Los negociadores mexicanos enfrentan un tema muy sensible: la competitividad de México se sustenta en bajísimos salarios pagados a los trabajadores mexicanos equivalentes a una décima parte de los recibidos por los estadounidenses y canadienses. Para los empresarios nacionales y para los tecnocrátas del Banco de México-Secretaría de Hacienda la política salarial es una cuestión innegociable. En su concepto, el bajo nivel salarial es un factor esencial en la estabilidad macroeconómica; modificarlo, entraña el riesgo de resucitar la lucha de clases. Tal vez sea el tema más difícil de solventar, salvo la intervención injerencista del Fondo Monetario Internacional a favor de la posición mexicana.
Los funcionarios mexicanos han postulado que el fin del TLCAN no será una catástrofe para México. Si bien, es una estratagema negociadora, esta posición despierta temores en grupos empresariales, alimentados por las declaraciones poco optimistas del premio nobel Paul Krugman en el sentido de que la cancelación del Tratado posiblemente provocará la disminución a la mitad, la de por sí desolador crecimiento del PIB nacional, con su secuela negativa en el empleo y en las exportaciones.
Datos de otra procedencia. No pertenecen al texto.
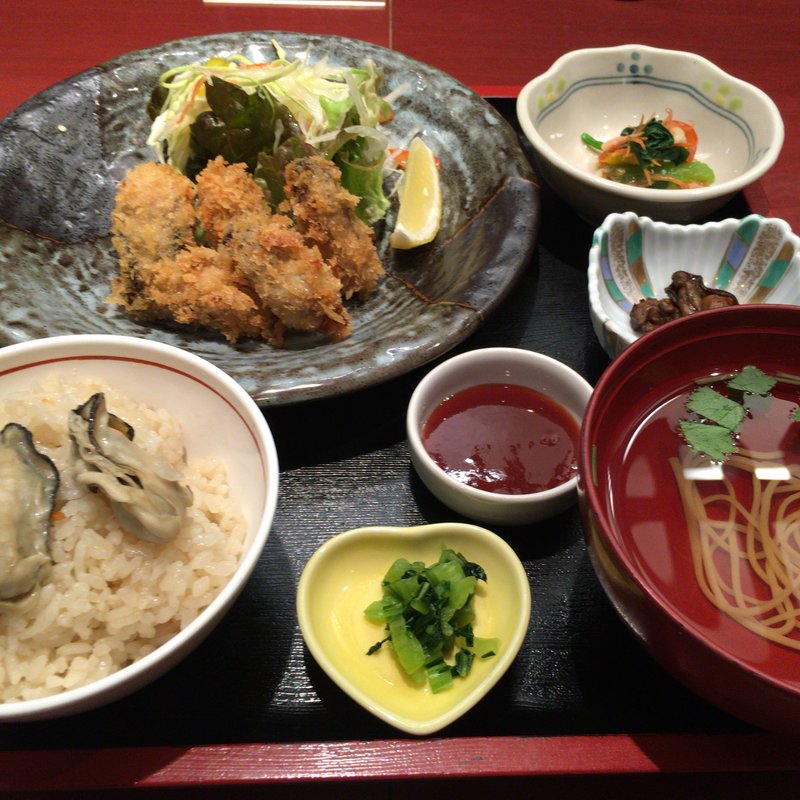 カキフライ定食(かき名庵)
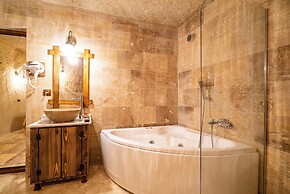 Cappadocia inans Cave & Swimming Pool Hot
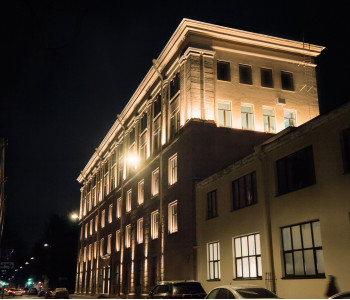 Архитектурная подсветка административного здания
El problema reside en que el gobierno no ha perfilado los términos de un Plan B. Me temo que los funcionarios responsables solo contemplan una opción simplista: fortalecer relaciones comerciales con otras economías. El problema es mucho más complejo y, por ello, la conducción futura del país no puede quedar en manos de los devotos de la globalización sin límites, de quienes confían en la libertad irrestricta del comercio exterior como fuente del desarrollo económico, indiferentes al fomento del desarrollo industrial y contrarios a detener la creciente dependencia alimentaria del país.
De nueva cuenta, las contingencias externas nos deben obligar a cambiar radicalmente el rumbo del país, a mirar hacia adentro, a enfrentar las terribles consecuencias de una política económica de modernidad de escaparate. Si actuamos con realismo y patriotismo, podremos edificar un gran país industrializado, competitivo y eficiente.